▶ [RECORDED INFORMATION]

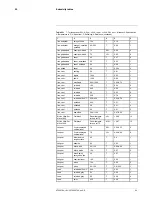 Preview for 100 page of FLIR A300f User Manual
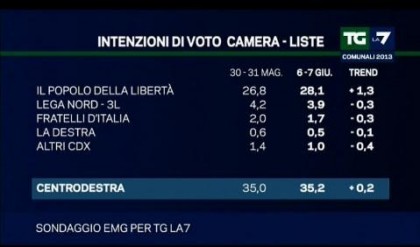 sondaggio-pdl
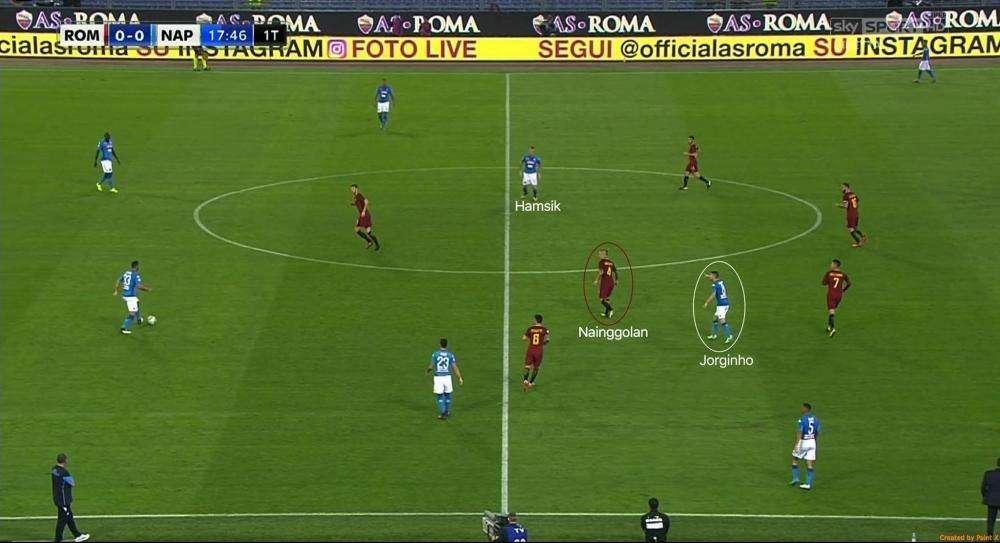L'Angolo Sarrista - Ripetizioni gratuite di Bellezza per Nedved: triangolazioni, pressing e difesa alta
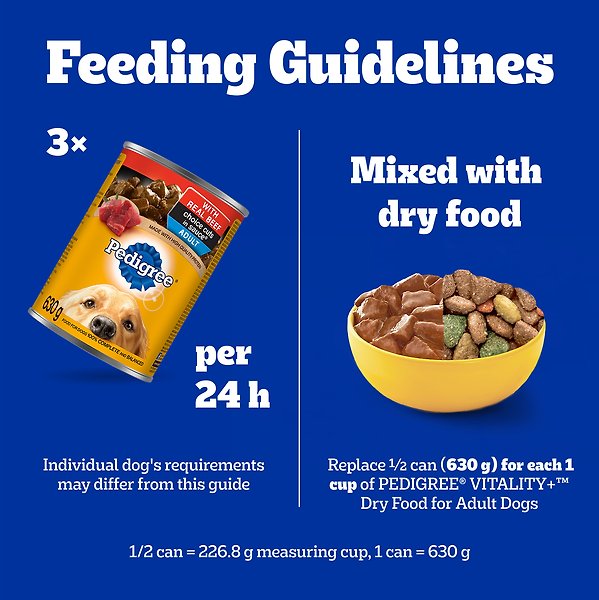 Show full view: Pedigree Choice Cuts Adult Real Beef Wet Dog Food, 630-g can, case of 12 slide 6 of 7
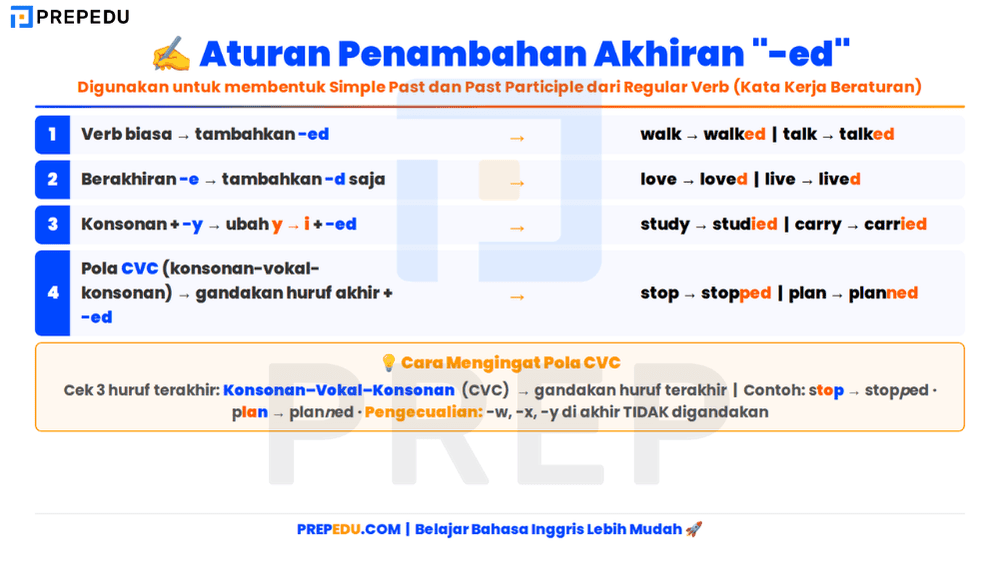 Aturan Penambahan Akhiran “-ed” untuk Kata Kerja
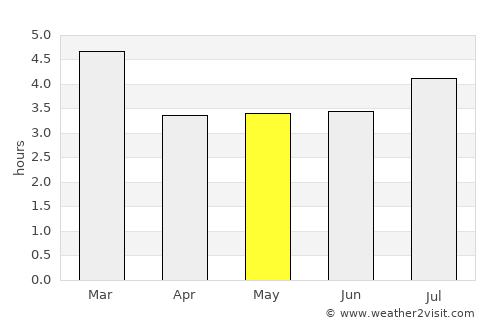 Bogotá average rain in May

▶ [EXERCISE DETAILS] Starting with the line that contains "sondaggio-pdl", reproduce every line to the end of the material above, both end lines included, exactly and with no pictures.

▶ [COMPLETED EXERCISE]
 sondaggio-pdl
L'Angolo Sarrista - Ripetizioni gratuite di Bellezza per Nedved: triangolazioni, pressing e difesa alta
 Show full view: Pedigree Choice Cuts Adult Real Beef Wet Dog Food, 630-g can, case of 12 slide 6 of 7
 Aturan Penambahan Akhiran “-ed” untuk Kata Kerja
 Bogotá average rain in May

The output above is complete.